The European Law Enforcement Agency said 23 suspects were detained.
The investigation, which began four years ago, revealed that the organised crime group behind the illegal excavation and trafficking of cultural goods was very well organised, operating from several EU member states.
The probe was initiated by the units specialised in the trafficking of cultural goods of the Italian Carabinieri and supported by its counterparts at the Spanish Guardia Civil, the British Metropolitan Police and the German LKA of Baden-Württemberg.
In Italy, the raids were focused on the regions of Sicily, Calabria, Piedmont and Apulia, in what is considered one of the biggest crackdowns in such crimes in Italian history.
Prosecutors believe the items were illegally excavated in Sicily, under commission by a London art dealer.
A spokeswoman for the UK's Metropolitan Police said that after acting on a European arrest warrant, officers had detained a 64-year-old man in the Greater London area and recovered three relics believed to be of Roman origin.
In the Sicilian Caltanissetta area, “which is rich in archaeological sites from the Greek and Roman epochs, local members of the organised crime group illegally excavated artefacts,” Europol said.
The items were then smuggled out of Italy, “equipped with false provenances and sold via German auction houses".
The criminal gang, which was said to be aided by "facilitators" in Barcelona and London, was described by the European police force as "very well organised".
Police also seized 1,500 tools, including metal detectors, in the early morning raids.

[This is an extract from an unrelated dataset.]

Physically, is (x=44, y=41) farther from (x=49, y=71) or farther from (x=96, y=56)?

Major Luigi Mancuso of the Carabinieri paramilitary art squad in Palermo, Italy, said Wednesday that investigators allege the digs were commissioned by a London art dealer, William Veres, 64, who was served with an international warrant.
Europol said, “International cooperation is key to the success of such investigations in the field of trafficking of cultural goods, in which artefacts are moved through several EU countries and levels before they are brought to the legal market.”
The case is considered to be one of the largest of its kind involving the illegal removal of artefacts from archaeological sites in Italy.